I think using NO2 as the example is problematic for several reasons. Like nitric oxide or triplet O2, nitrogen dioxide has a 2c3e bond due to its unpaired electron. However, Lewis structures are unable to correctly show the extra half bond, and averaging the structures gives an incorrectly low estimate of the bond order. Also, there are at least two other important Lewis structures that one can draw. Though charge separation is less favorable, they cannot be neglected when determining the bond order or structure. The bond angle is 134 degrees, which reflects the formation of the extra half-pi-bond, and the hybridization is somewhere between sp2 and sp, while the bond lengths are also shorter than expected. There is no simple way of estimating the bond order in this case (which is somewhere between 1.5 and 2). For these reasons, NO2 is really a pathological example that shows the limits of the Lewis representation. On the other hand, NO2-, nitrite is much more straightforward, and I tentatively chose this example to illustrate the concept. Unfortunately, it's hard to find a neutral example of resonance that is simple enough to give. Alsosaid1987 (talk) 03:17, 12 May 2018 (UTC)[reply]

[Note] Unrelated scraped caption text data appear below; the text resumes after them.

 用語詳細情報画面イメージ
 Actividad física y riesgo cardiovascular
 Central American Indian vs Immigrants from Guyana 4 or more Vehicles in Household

@Dirac66:@DMacks:@Alsosaid1987: It has come to my attention that this article seems to be struggling a lot to explain that resonance structures do not exist but the resonance hybrid does (the very long introduction and repeated assertions in the article is testament to this). It has also occurred to me that nowhere in this article, except the valence bond (ie quantum mechanics) part explains what resonance truly is. Could I suggest an overhaul of this article in that we introduce in the outset that resonance is basically the equivalent of linear combination of atomic orbitals in Valence Bond theory, where the actual molecular wavefunction is a weighted sum of individual resonance structures just like molecular orbitals are a weighted sum of individual atomic orbitals (the analogy goes quite far in fact. We can even take antisymmetric, ie. antibonding, combinations of resonance structures to attain excited states etc).

I'm putting the above as an idea, not sure how to better write this article to be both concise and succinct. From reading this talk page it appears the writing of this article being problematic goes back some time. Opinions?--Officer781 (talk) 14:19, 19 January 2019 (UTC)[reply]

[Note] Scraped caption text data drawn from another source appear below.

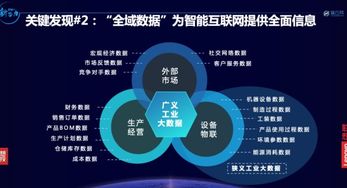 擁抱智能互聯(lián)，聯(lián)想創(chuàng)投與成員企業(yè)引領(lǐng)工業(yè)互聯(lián)網(wǎng)數(shù)據(jù)服務(wù)新浪潮，榮膺獵云網(wǎng)多項(xiàng)年度大獎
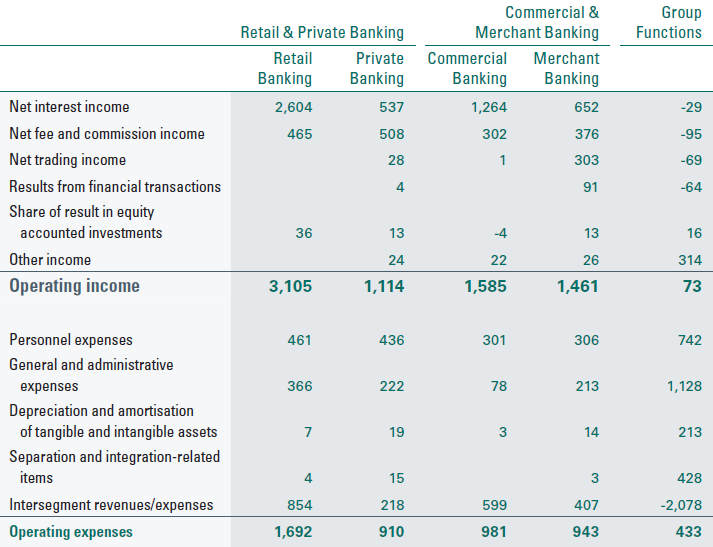 Net income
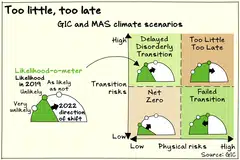 A “Too Little Too Late” climate scenario, with high transition and physical risks, has emerged as the most likely to become reality, based on GIC’s assessment.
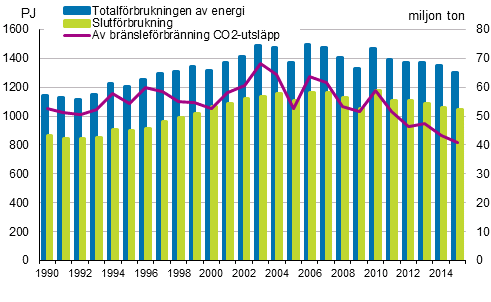 Totalf�rbrukningen, slutf�rburkningen av energi och koldioxidutsl�ppen 1990&ndash;2015*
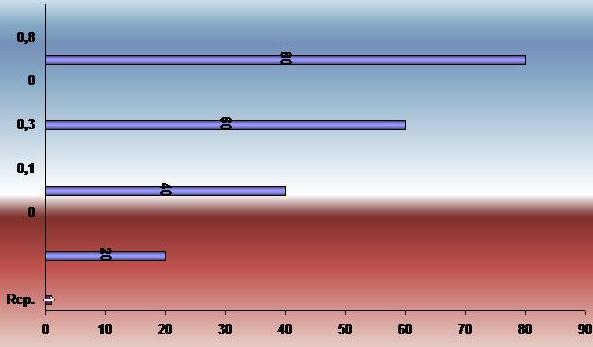 The dependence of the cathodic delamination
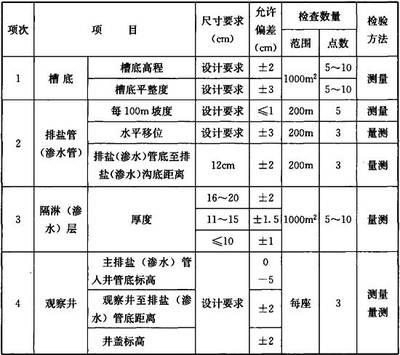 園林綠化工程施工及驗收規(guī)范 CJJ 82-2012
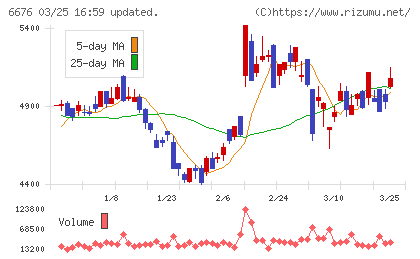 バッファローチャート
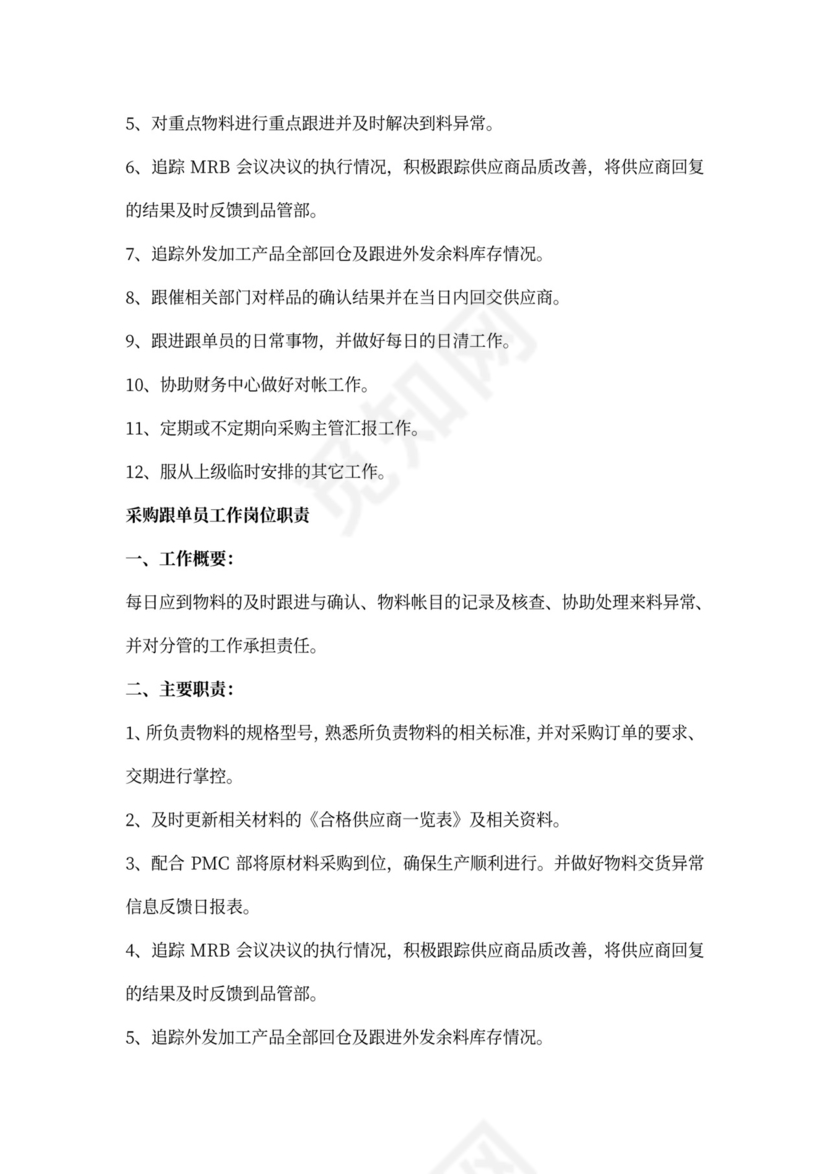 采购员工作内容及岗位职责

In principle, I agree. Essentially, resonance is taking linear combos of canonical structures, rather than taking linear combos of AO's in MO theory. But this may be tricky. I think this should be done if a relatively simple concrete example can be given. Ideally, this example should make clear that the true wavefunction \Psi is equal to \sum c_i\Psi_i, in which each \Psi_i corresponds to a canonical form. There needs to be some explanation of how that correspondence is made, as well as rules or at least some intuition for how to handle the contributors. (To give a completely rigorous introduction, one might need to start with the Heitler-London model for the bonding of H2, and rules for dealing with spin will also be introduced, but that seems impractical for this article.) The problem with VB theory is that, done correctly and rigorously, the rules are actually more complicated than the rules of MO theory. That's why, from a pedagogical point of view, VB is taught to undergrads in terms of qualitative heuristics for Lewis structures (and resulting in some phenomena that aren't adequately explained, like triplet O2 or aromaticity), while MO theory is relatively easy to teach in a semi-quantitative manner as a "more correct" theory than VB. Shaik and Hiberty wrote a very interesting review that both theories when fully implemented are correct and actually quite similar, but that they handle ionic contributions to bonding differently. The theories converge to each other when all approximations are taken away. Alsosaid1987 (talk) 15:52, 19 January 2019 (UTC)[reply]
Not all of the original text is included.